En février 2024, Lily, 15 ans, confiée à l’Aide Sociale à l’Enfance, s’est suicidée dans une chambre d’hôtel de la banlieue de Clermont-Ferrand dans laquelle elle avait été placée, dernier maillon d’un système saturé et exsangue.
Ce drame, loin de n’être qu’un fait divers, révèle l’état déplorable d’un dispositif censé protéger ces enfants en situation précaire, et qui échoue trop souvent à le faire.

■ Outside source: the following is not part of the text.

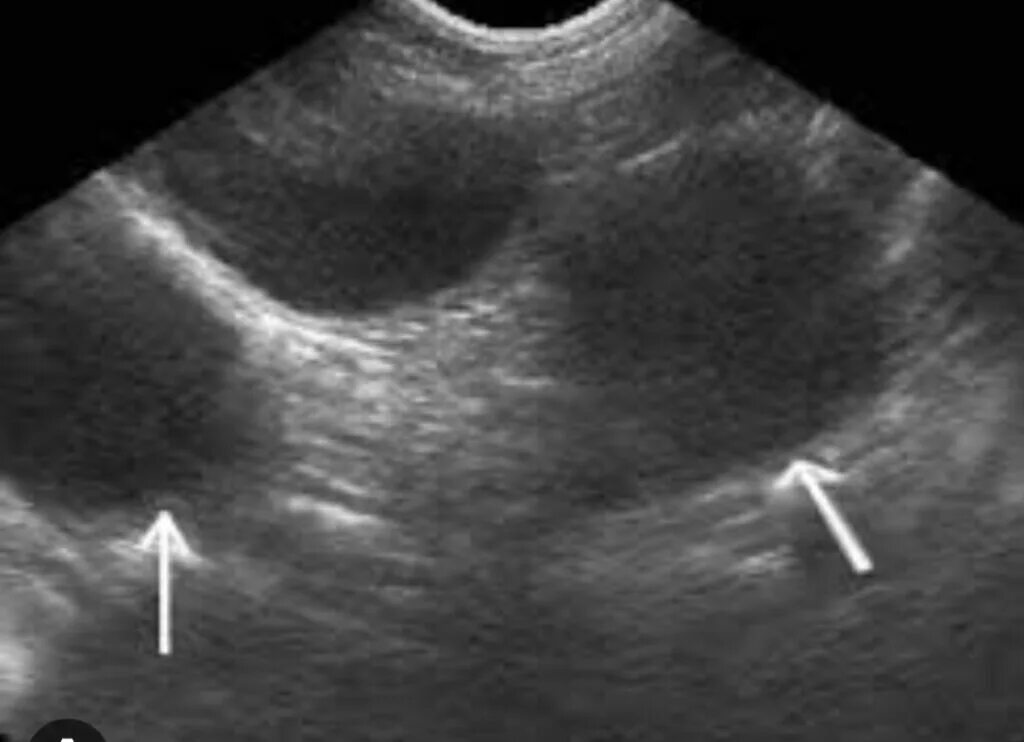 Матка и яичники кошки. УЗИ матки собаки при пиометре.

Un système à bout de souffle
L’Aide Sociale à l’Enfance, ou ASE, est définie par l’article L.221-1 du Code de l’action sociale et des familles. Sa mission est de soutenir et protéger les mineurs dont la santé, la sécurité, l’éducation ou le développement sont menacés. Ce service décentralisé, administré à échelle départementale, intervient par des actions de prévention contre la maltraitance, mais aussi de surveillance et de protection des enfants en danger. Il a souvent comme mission de “placer” les enfants dans des structures spécialisées (famille d’accueil, foyer, tiers de confiance) si leur milieu familial est considéré comme dangereux pour leur santé, leur sécurité et leur bien-être.
Sur le papier, le dispositif semble pouvoir remplir sa mission convenablement. Mais sur le terrain, le système se fissure de toutes parts.
Violences dans certaines familles d’accueil et foyers, explosion de la prostitution chez les enfants placés, délais excessifs dans les prises en charge et les exécutions des décisions de justice, manque de places et pénurie de personnel dans les lieux d’accueil : les défaillances de l’ASE sont connues, mille fois documentées et signalées. Les raisons? Une décentralisation très poussée, une absence de contrôle des établissements, et une précarité statutaire des agents du métier. Tout cela pointe finalement vers une difficulté persistante à inscrire durablement la protection de l’enfance parmi les priorités de l’agenda politique.
Selon Claude Ardid, journaliste qui a enquêté sur les failles de l’ASE (La fabrique du malheur, 2025), il faut en moyenne entre 8 et 24 mois à un enfant placé à l’ASE pour obtenir un rendez-vous en institut médico-psychologique ; un délai alarmant alors que les enfants concernés ont déjà pu être confrontés à de lourds traumatismes. Le droit à la santé, pourtant garanti à tous les enfants (Convention internationale des droits de l’enfant de l’UNICEF), ne s’appliquerait-il donc pas aux enfants placés ?
Cette fragilisation se reflète dans les choix faits pour les enfants confiés à l’ASE. La part des enfants sous protection de l’ASE placés chez un.e membre de leur famille décroît depuis 14 ans, à rebours des lignes directrices de l’ONU, qui préconisent l’accueil familial comme mode de placement prioritaire, plus stable et plus protecteur.
Souvent, l’aide ne permet pas non plus une entrée paisible dans la vie adulte. Selon une étude de la Fondation Abbé Pierre publiée en 2019, 36% des SDF de 18 à 25 ans sont issus de l’ASE, alors que seuls 2 à 3% des mineurs en France sont placés.
Un grave problème, qui n’est pas l’absence de juridiction
Alors que trois lois ont déjà été adoptées pour essayer de réformer la protection de l’enfance, aucune n’a été appliquée correctement.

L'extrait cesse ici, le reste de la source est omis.